Headbangers in hijabs: inside Indonesia’s heavy metal scene
From hijab-wearing female metal band Voice of Baceprot to the Hammersonic music festival that includes prayer breaks, Indonesia’s metalheads show that ‘the devil’s music’ doesn’t have to clash with their Islamic identity
According to Encyclopaedia Metallum: The Metal Archives, an independent website that provides an exhaustive list of every heavy metal band in the world, there are more than 1,500 metal bands found across Indonesia’s sprawling archipelago. In comparison, China has less than 300.
Indonesia’s hijab-wearing Muslim heavy metal group VoB smashes stereotypes
This won’t come as news to metalheads.
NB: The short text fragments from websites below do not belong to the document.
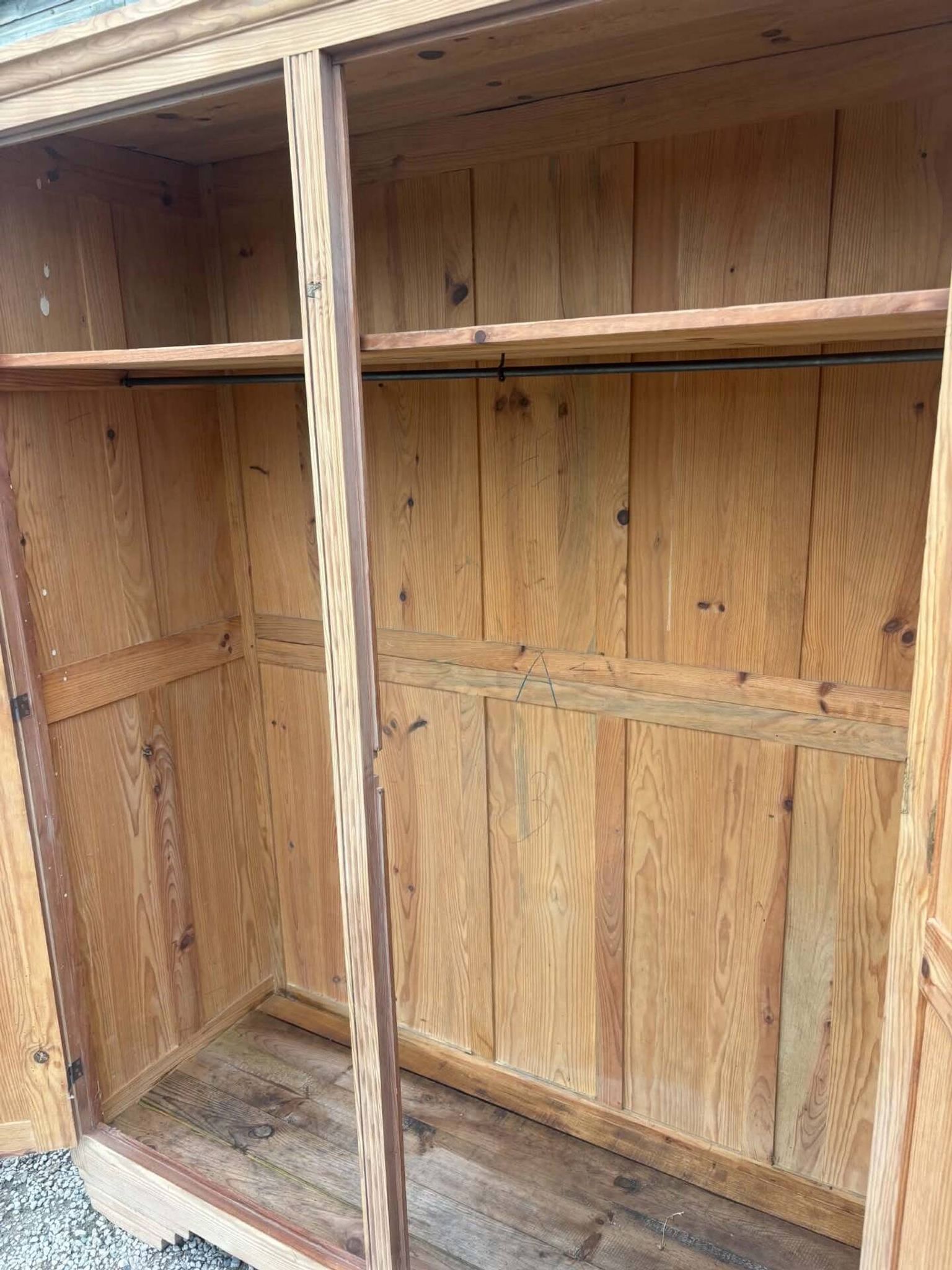 Parisian wardrobe / vintage wardrobe in raw wood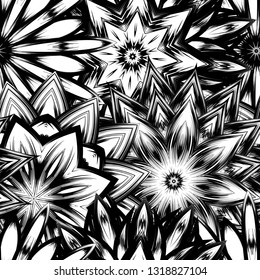 Seamless floral background. Tracery handmade nature ethnic fabric backdrop pattern with saturated dark flowers. Textile design texture. Decorative binary monochrome black and white art. Vector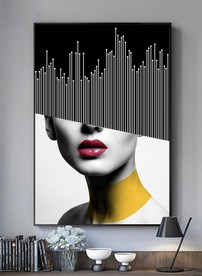 晶贝笔刷美女花朵黑白装饰画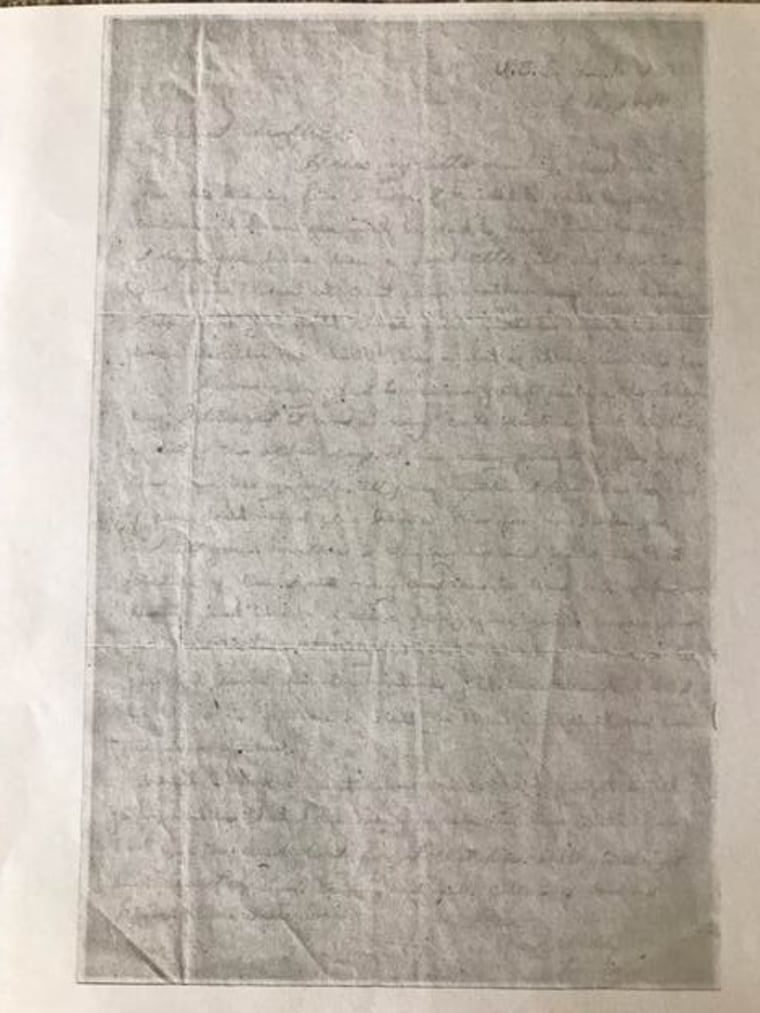 A letter, pre-recovery process, that Cheryl Secrist's father wrote to her mother while he was stationed in the Pacific during World War II.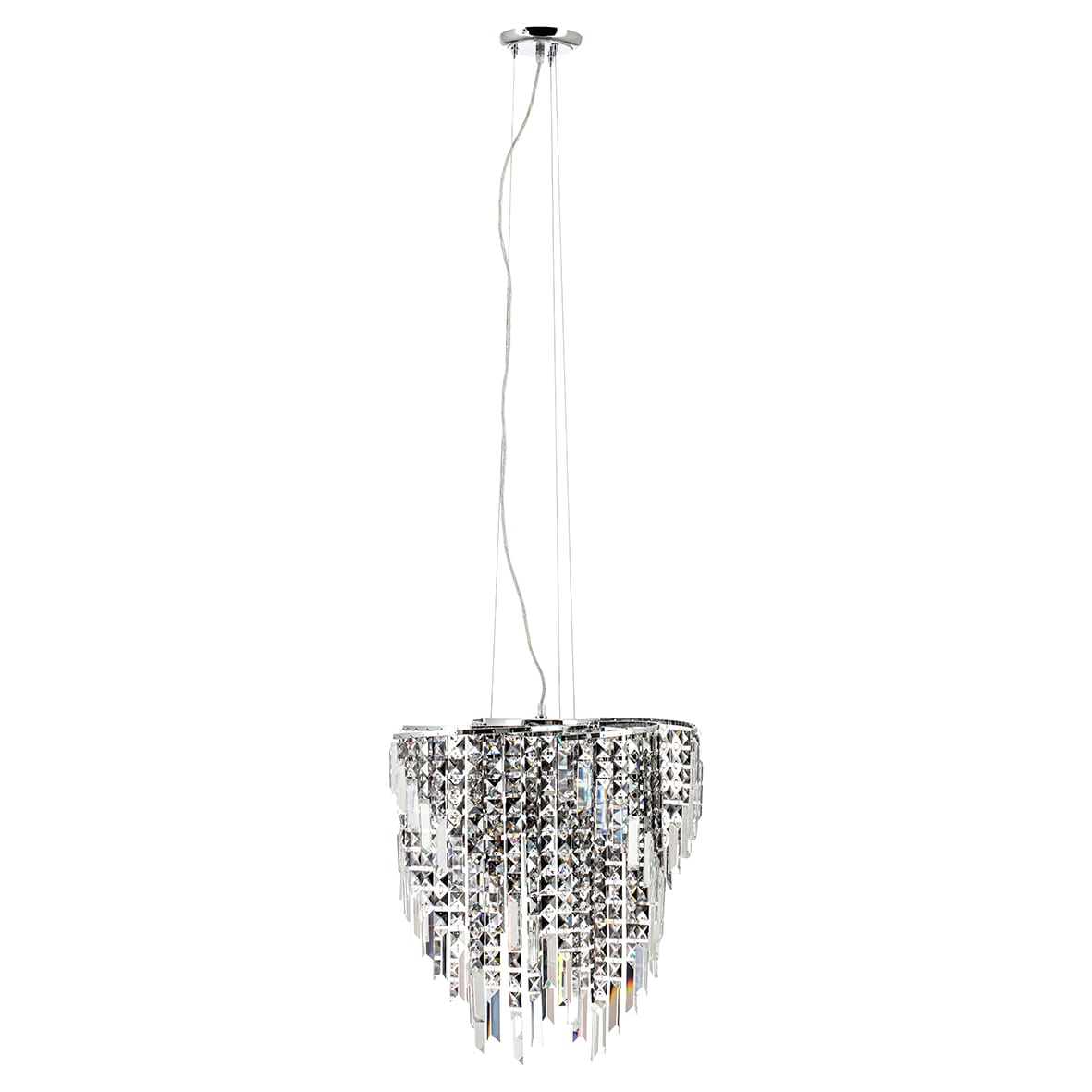 Esme 3 Light Chandelier Ceiling Light - Polished Chrome Fittings with Crystal Droplets - view 4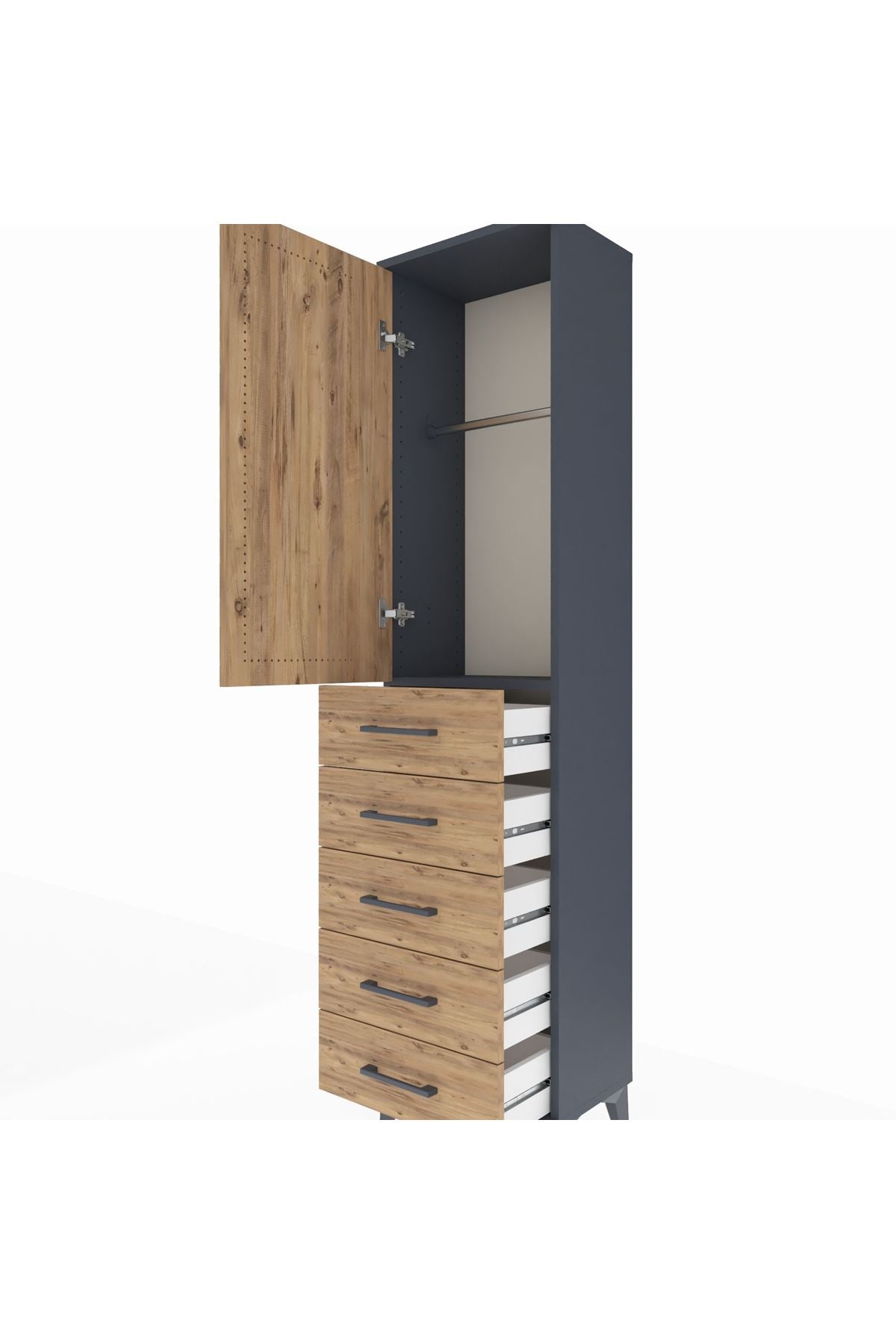 Arges Dolap Tek Raflı 5 Çekmeceli Tek Askılı 44x30x182 - S22M026V6A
Indonesia has long been known as a “metal republic”, perhaps ever since Deep Purple sent crowds headbanging in Jakarta back in 1975.
Jeremy Wallach, an ethnomusicologist at the Bowling Green State University in Ohio and author of Modern Noise, Fluid Genres: Popular Music in Indonesia, 1997-2001, says the metal subculture in Indonesia has grown rapidly since the 1990s. The underground metal scene has often helped focus resistance there; it is partly responsible for toppling the autocratic Suharto regime in 1998 and helping to foster a new democratic society in its place.
Since then, the nation has continued to produce metal goliaths, pummelling heavy sounds into the ears of frenzied crowds in and out of the country and winning global metal awards. The country also hosts the largest annual metal festival in Southeast Asia, Hammersonic, which draws more than 30,000 metalheads.
Even the Indonesian president himself is a self-proclaimed heavy metal devotee. Joko Widodo is often seen sporting a metal band T-shirt and leather jacket, while playfully flashing the devil horns sign when being photographed. He has told the media that he is a big fan of Lamb of God, Metallica and Napalm Death. Randy Blythe, the frontman of Lamb of God, calls Widodo “the world’s first heavy metal president”.